Tour’s paper on Nanocars was the most highly accessed journal article of all American Chemical Society articles in 2005, and it was listed by LiveScience as the second most influential paper in all of science in 2005. Tour has won several other national awards including the National Science Foundation Presidential Young Investigator Award in Polymer Chemistry and the Office of Naval Research Young Investigator Award in Polymer Chemistry.

There was a 100 nanometer long nanocar race in 2017.

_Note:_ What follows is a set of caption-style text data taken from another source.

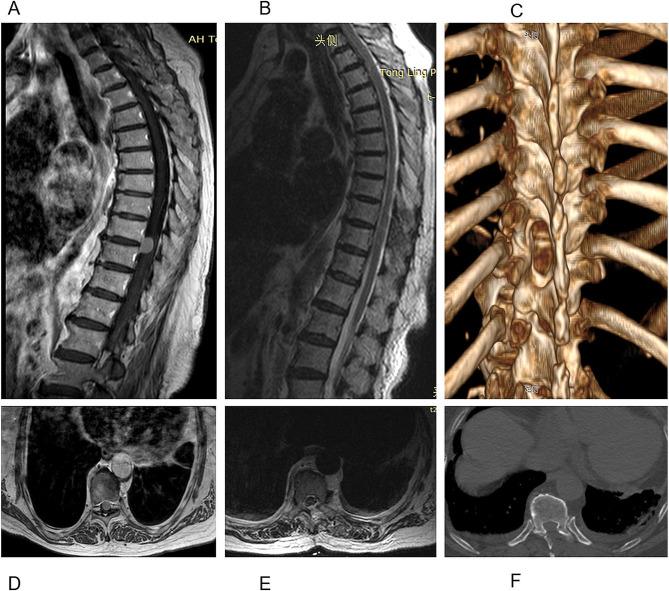 https://cdn.ncbi.nlm.nih.gov/pmc/blobs/49f3/11245853/2c160a110f4d/13019_2024_2969_Fig4_HTML.jpg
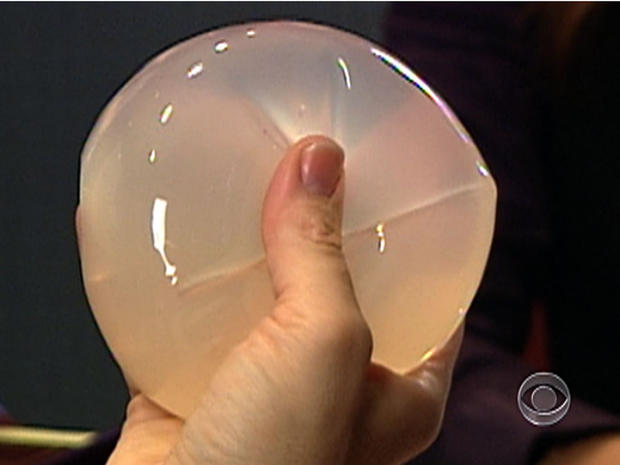 FDA: Breast implants don't last forever 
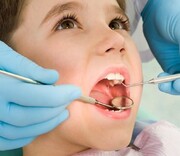 دندانپزشکی برای دانش‌آموزان رایگان شد + جزئیات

Dr. Joachim shared the 1997 Foresight Feynman Prize in Nanotechnology for Experimental Work with two researchers then at IBM Research Zurich for work using scanning probe microscopes to manipulate molecules. Eight years later he won the 2005 Foresight Feynman Prize in Nanotechnology for Theory for developing theoretical tools and establishing the principles for design of a wide variety of single molecule functional nanomachines.

Rice University chemist James Tour [winner of the 2008 Foresight Institute Feynman Prize for Experimental work] and his international team have won the first Nanocar Race. With an asterisk.

The Rice and University of Graz team finished first in the inaugural Nanocar Race in Toulouse, France, April 28, completing a 150-nanometer course — a thousandth of the width of a human hair — in about 1½ hours. (The race was declared over after 30 hours.)

1 thought on “Molecular Nanotechnology Has Been Successful When Properly Funded”

  1. I’ve been very disappointed for decades in how little funding this research has received. It still seems to me that we would be MUCH further along this path if the various funding agencies took it more seriously.

    I’m hopeful that eventually, the small amount of support it is receiving will result in some limited successes that lead to more support, leading to more successes, then more support, and so on, to accelerate the progress.